Suite à l’approbation par le Conseil des ministres du projet de loi de finances pour 2026, présenté devant le roi Mohammed VI avant d’être soumis lundi au Parlement, plusieurs projets de lois visant à moderniser la vie publique et à renforcer la participation citoyenne ont été adoptés, a annoncé le cabinet royal dans un communiqué relayé par l’agence officielle marocaine MAP.
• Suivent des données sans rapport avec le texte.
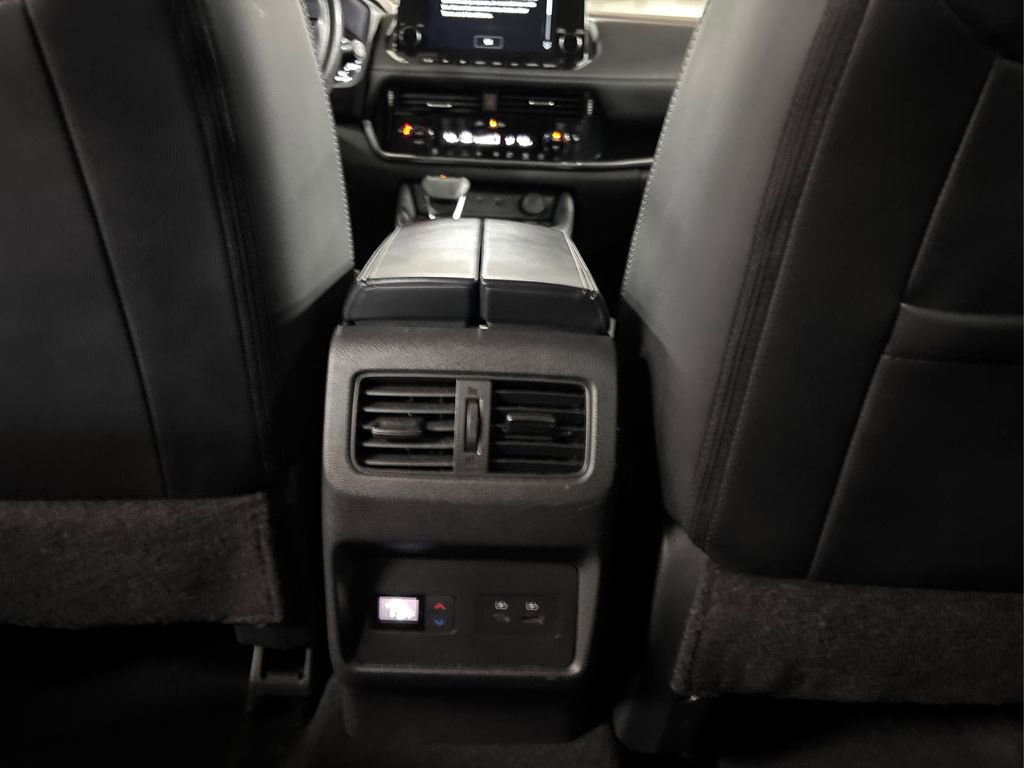 Used 2023 Nissan Rogue SL w/ SL Premium Package image 30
« Afin d’inciter les jeunes de moins de 35 ans à se lancer dans le champ politique », un projet prévoit de simplifier leurs conditions de candidature aux élections et d’accorder des aides couvrant jusqu’à 75% des frais de campagne électorale, selon le communiqué.
Dans le même esprit, un autre projet de loi entend moderniser les partis politiques, renforcer la transparence et encourager la participation des femmes et des jeunes à leur création et leur gestion, poursuit le texte.
L’annonce intervient sur fond de tensions sociales, marqué depuis le 27 septembre par les rassemblements du collectif de jeunes GenZ 212, qui appelle à des réformes dans les secteurs de la santé et de l’éducation, à la lutte contre la corruption et à un renouvellement du personnel politique.